On the daily chart below for the Dow Jones, we can see that the price bounces from a key support level as the US GDP showed a better than expected consumer under the hood and Jobless Claims beat expectations.

The price has rallied towards the next key resistance at 34477 but yesterday’s better than expected ISM Manufacturing PMI may be a bad omen for the buyers. The inflation and employment sub-indexes returned back into expansion and if we couple that with good data since last week, it makes the Fed’s job of pausing rate hikes harder.

Dow Jones technical analysis

On the 4 hour chart below, we can see the bounce from the key support and the 38.2% Fibonacci retracement level. This latest rally is again diverging with the MACD as it approaches the key resistance, which may be another bad sign for the buyers. Generally, the divergence is a sign of weakening momentum, often followed by a pullback or reversal.

This week has lots of top tier economic events like the ISM PMI reports, the FOMC and the NFP. If we see strength in labour market data with weakness in inflation data, then we are likely to see the buyers in control, vice versa if we see strength on both sides, then the market is likely to fall as the Fed will be likely to keep hiking.

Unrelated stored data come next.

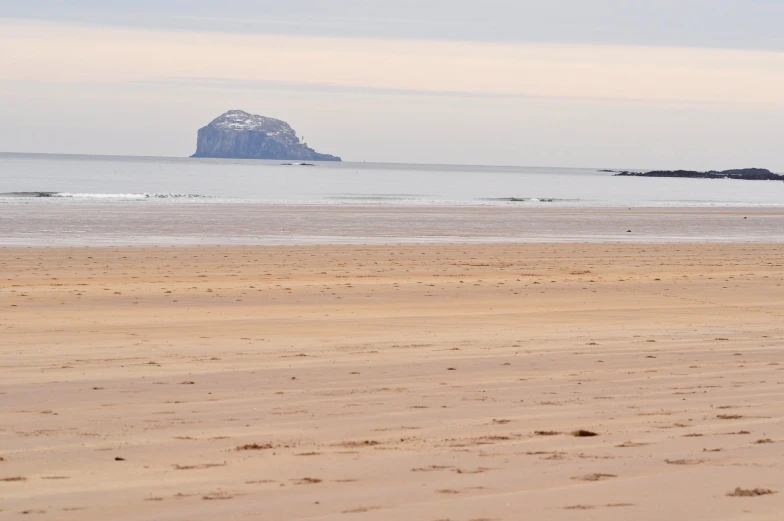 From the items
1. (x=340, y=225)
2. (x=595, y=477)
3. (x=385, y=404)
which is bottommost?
(x=340, y=225)

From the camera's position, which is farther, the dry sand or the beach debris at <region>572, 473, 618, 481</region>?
A: the beach debris at <region>572, 473, 618, 481</region>

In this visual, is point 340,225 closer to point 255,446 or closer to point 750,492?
point 255,446

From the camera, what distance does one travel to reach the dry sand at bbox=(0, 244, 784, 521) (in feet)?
15.2

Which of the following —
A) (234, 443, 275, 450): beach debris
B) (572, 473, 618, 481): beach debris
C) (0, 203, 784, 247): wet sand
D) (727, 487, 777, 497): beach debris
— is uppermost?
(727, 487, 777, 497): beach debris

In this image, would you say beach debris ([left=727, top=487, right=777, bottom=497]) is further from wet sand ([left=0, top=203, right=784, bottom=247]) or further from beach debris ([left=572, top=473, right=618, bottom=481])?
wet sand ([left=0, top=203, right=784, bottom=247])

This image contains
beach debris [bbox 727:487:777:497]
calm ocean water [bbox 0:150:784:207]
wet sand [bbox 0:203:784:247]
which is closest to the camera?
beach debris [bbox 727:487:777:497]

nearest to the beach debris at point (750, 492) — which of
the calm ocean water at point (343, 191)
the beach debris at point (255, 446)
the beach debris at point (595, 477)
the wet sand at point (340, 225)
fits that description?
the beach debris at point (595, 477)

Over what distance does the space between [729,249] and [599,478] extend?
23877 millimetres

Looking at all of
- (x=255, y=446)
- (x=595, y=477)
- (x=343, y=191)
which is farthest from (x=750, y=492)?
(x=343, y=191)

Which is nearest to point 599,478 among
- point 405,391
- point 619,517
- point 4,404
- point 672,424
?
point 619,517

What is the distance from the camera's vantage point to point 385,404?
695cm

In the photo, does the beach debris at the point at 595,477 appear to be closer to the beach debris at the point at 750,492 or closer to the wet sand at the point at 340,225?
the beach debris at the point at 750,492

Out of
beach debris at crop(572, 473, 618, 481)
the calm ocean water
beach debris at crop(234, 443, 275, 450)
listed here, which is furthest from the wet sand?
beach debris at crop(572, 473, 618, 481)

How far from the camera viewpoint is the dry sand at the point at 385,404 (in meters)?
4.62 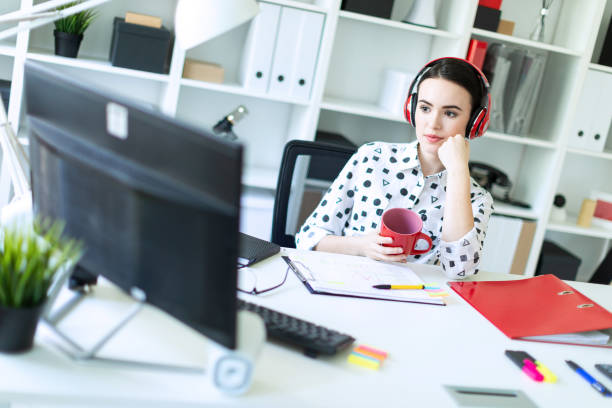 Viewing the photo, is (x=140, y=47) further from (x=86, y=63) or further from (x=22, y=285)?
(x=22, y=285)

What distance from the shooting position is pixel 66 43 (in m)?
2.46

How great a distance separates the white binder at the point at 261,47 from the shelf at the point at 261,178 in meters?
0.39

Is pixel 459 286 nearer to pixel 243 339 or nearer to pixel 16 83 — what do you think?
pixel 243 339

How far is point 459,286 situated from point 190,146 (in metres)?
0.91

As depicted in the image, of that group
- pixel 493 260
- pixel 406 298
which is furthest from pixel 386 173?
pixel 493 260

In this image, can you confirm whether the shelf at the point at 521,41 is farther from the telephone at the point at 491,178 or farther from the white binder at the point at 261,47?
the white binder at the point at 261,47

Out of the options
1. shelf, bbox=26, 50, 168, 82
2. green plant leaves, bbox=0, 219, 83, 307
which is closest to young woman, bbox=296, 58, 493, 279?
green plant leaves, bbox=0, 219, 83, 307

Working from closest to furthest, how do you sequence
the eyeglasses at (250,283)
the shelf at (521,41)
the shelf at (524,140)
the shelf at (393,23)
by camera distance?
the eyeglasses at (250,283) < the shelf at (393,23) < the shelf at (521,41) < the shelf at (524,140)

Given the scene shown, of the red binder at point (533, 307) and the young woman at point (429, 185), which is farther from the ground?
the young woman at point (429, 185)

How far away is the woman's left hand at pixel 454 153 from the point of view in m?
1.55

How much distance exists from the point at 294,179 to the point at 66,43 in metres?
1.29

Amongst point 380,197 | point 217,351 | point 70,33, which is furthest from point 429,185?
point 70,33

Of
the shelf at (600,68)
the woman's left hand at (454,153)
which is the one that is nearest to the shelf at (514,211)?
the shelf at (600,68)

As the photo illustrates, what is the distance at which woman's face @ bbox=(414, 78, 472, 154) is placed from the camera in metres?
1.62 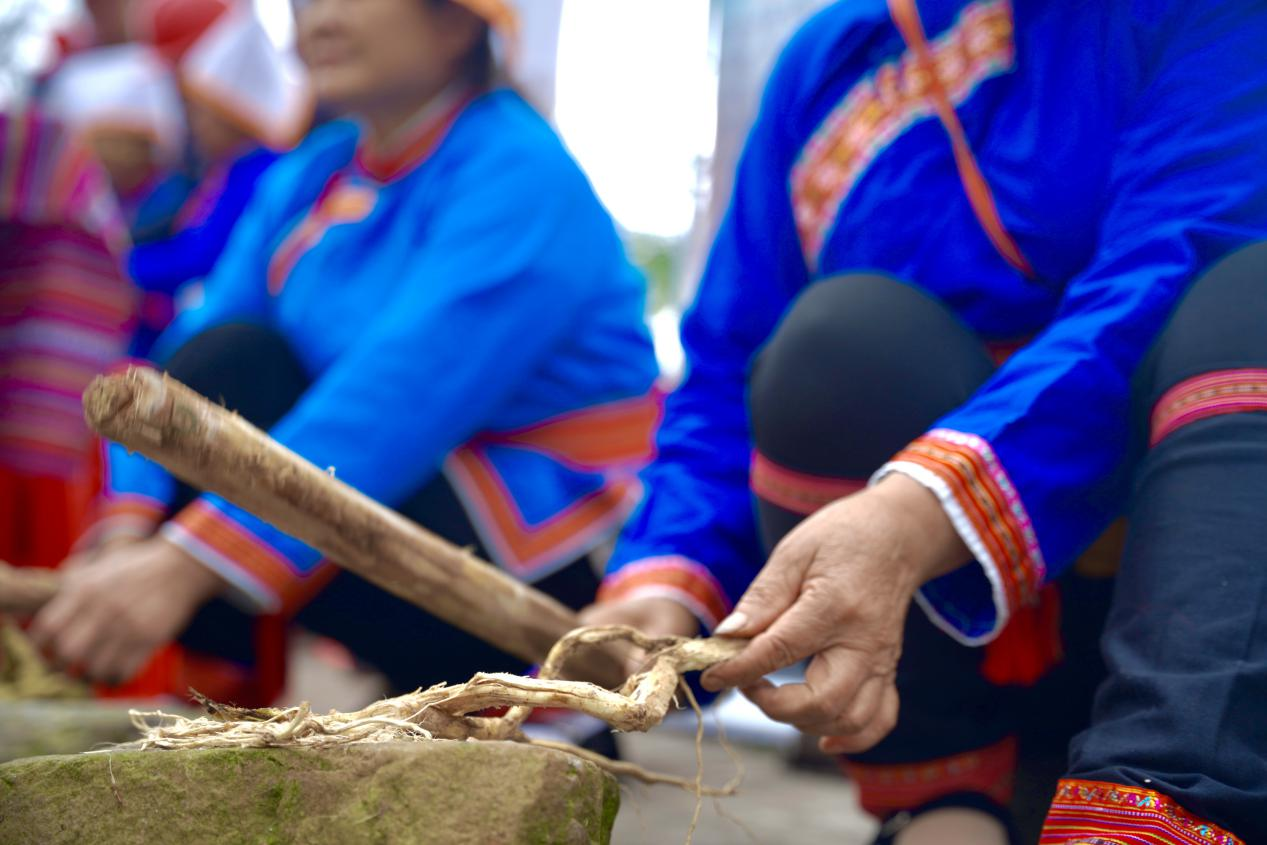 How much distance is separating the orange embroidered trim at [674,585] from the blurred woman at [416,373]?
453 millimetres

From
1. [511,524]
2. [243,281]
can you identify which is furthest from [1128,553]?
[243,281]

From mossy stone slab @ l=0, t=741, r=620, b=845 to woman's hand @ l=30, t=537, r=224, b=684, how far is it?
0.76 meters

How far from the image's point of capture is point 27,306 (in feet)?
8.98

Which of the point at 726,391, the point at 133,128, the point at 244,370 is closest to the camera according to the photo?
the point at 726,391

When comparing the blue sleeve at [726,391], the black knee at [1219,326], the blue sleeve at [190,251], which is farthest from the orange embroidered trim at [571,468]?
the blue sleeve at [190,251]

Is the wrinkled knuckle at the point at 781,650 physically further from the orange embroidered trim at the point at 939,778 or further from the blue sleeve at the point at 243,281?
the blue sleeve at the point at 243,281

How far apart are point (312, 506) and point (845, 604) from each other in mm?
448

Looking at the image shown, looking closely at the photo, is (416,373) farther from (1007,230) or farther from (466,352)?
(1007,230)

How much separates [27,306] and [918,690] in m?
2.19

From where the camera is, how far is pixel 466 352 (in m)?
1.82

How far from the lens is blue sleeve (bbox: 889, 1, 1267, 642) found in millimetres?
1092

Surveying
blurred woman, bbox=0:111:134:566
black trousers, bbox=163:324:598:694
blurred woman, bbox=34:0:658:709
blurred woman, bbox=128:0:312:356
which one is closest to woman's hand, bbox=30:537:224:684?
blurred woman, bbox=34:0:658:709

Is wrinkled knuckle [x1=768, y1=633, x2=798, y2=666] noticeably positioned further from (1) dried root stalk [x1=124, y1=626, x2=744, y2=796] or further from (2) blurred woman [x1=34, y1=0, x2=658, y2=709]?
(2) blurred woman [x1=34, y1=0, x2=658, y2=709]

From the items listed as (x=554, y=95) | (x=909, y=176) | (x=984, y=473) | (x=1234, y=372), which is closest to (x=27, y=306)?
(x=554, y=95) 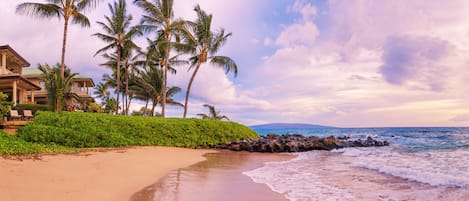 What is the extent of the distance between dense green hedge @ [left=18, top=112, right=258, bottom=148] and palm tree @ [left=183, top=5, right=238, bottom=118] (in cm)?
451

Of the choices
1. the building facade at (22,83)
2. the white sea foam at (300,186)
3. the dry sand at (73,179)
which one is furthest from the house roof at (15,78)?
the white sea foam at (300,186)

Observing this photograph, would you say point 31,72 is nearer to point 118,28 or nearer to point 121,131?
point 118,28

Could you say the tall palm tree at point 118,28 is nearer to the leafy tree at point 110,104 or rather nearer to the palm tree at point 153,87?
the palm tree at point 153,87

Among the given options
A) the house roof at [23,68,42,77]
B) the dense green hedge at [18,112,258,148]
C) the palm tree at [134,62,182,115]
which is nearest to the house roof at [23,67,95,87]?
the house roof at [23,68,42,77]

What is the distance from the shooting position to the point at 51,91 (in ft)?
57.8

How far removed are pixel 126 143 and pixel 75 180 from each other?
9.75 m

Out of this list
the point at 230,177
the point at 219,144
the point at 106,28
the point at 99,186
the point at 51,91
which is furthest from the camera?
the point at 106,28

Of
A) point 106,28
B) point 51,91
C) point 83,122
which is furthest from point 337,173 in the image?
point 106,28

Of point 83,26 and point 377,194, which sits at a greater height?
point 83,26

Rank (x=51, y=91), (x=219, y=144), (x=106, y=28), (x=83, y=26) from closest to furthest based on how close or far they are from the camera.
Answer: (x=51, y=91), (x=219, y=144), (x=83, y=26), (x=106, y=28)

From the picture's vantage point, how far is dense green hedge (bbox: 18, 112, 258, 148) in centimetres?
1374

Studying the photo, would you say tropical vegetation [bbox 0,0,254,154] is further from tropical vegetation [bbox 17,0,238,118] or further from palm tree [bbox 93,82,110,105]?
palm tree [bbox 93,82,110,105]

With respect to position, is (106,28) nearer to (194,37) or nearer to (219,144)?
(194,37)

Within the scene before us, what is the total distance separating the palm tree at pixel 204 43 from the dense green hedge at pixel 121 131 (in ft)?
14.8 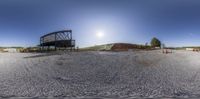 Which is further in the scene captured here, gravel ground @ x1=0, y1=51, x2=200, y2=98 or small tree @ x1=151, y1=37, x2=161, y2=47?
small tree @ x1=151, y1=37, x2=161, y2=47

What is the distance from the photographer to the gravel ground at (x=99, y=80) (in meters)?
7.24

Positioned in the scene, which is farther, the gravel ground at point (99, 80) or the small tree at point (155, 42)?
the small tree at point (155, 42)

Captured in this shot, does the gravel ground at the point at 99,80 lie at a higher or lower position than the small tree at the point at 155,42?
lower

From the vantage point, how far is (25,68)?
456 inches

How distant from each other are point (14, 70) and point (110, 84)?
4.91 metres

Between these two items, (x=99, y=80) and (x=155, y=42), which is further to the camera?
(x=155, y=42)

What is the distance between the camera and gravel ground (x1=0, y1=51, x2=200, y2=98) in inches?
285

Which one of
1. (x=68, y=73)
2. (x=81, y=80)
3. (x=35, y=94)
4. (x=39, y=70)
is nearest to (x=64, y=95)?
(x=35, y=94)

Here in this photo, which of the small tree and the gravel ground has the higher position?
the small tree

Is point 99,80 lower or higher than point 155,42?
lower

Dow Jones technical analysis

In the 1 hour chart below, we can see that the pullback that started going into yesterday’s market close is finding support at the 38.2% Fibonacci retracement level. From a risk management perspective, the 61.8% level with the previous swing high support is a stronger zone where the buyers could pile in. For the sellers that would be a good barometer for the sentiment, and they are likely to jump in if the price breaks below it.